#### TASK GOAL:
Please write out the line containing "molecular formula C23H16N2O2S4" and each line after it through the end of the data, exactly, and nothing else.

#### DATA SUPPLIED:
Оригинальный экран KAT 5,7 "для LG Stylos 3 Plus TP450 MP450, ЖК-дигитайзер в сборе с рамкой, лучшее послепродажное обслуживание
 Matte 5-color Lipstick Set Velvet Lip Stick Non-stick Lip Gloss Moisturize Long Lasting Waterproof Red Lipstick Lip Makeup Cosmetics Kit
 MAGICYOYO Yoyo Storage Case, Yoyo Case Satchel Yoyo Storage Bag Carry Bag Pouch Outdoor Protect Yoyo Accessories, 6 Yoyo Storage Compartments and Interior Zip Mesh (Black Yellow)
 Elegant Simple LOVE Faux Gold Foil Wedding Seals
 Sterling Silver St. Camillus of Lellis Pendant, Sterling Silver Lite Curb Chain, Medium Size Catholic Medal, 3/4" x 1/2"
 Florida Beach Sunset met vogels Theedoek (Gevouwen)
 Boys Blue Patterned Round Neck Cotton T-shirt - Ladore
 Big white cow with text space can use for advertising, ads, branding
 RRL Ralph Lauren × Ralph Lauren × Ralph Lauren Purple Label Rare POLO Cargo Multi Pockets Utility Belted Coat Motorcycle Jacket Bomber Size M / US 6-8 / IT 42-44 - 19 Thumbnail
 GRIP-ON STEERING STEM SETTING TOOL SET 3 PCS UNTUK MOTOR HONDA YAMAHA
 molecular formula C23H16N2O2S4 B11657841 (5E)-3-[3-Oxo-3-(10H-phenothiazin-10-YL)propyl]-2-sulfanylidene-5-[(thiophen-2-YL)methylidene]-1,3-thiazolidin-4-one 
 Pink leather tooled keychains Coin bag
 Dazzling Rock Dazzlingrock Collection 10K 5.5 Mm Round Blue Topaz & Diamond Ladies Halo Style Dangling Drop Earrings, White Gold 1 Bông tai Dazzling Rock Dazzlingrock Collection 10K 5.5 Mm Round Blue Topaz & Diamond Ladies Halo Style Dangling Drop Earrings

#### ANSWER:
 molecular formula C23H16N2O2S4 B11657841 (5E)-3-[3-Oxo-3-(10H-phenothiazin-10-YL)propyl]-2-sulfanylidene-5-[(thiophen-2-YL)methylidene]-1,3-thiazolidin-4-one 
 Pink leather tooled keychains Coin bag
 Dazzling Rock Dazzlingrock Collection 10K 5.5 Mm Round Blue Topaz & Diamond Ladies Halo Style Dangling Drop Earrings, White Gold 1 Bông tai Dazzling Rock Dazzlingrock Collection 10K 5.5 Mm Round Blue Topaz & Diamond Ladies Halo Style Dangling Drop Earrings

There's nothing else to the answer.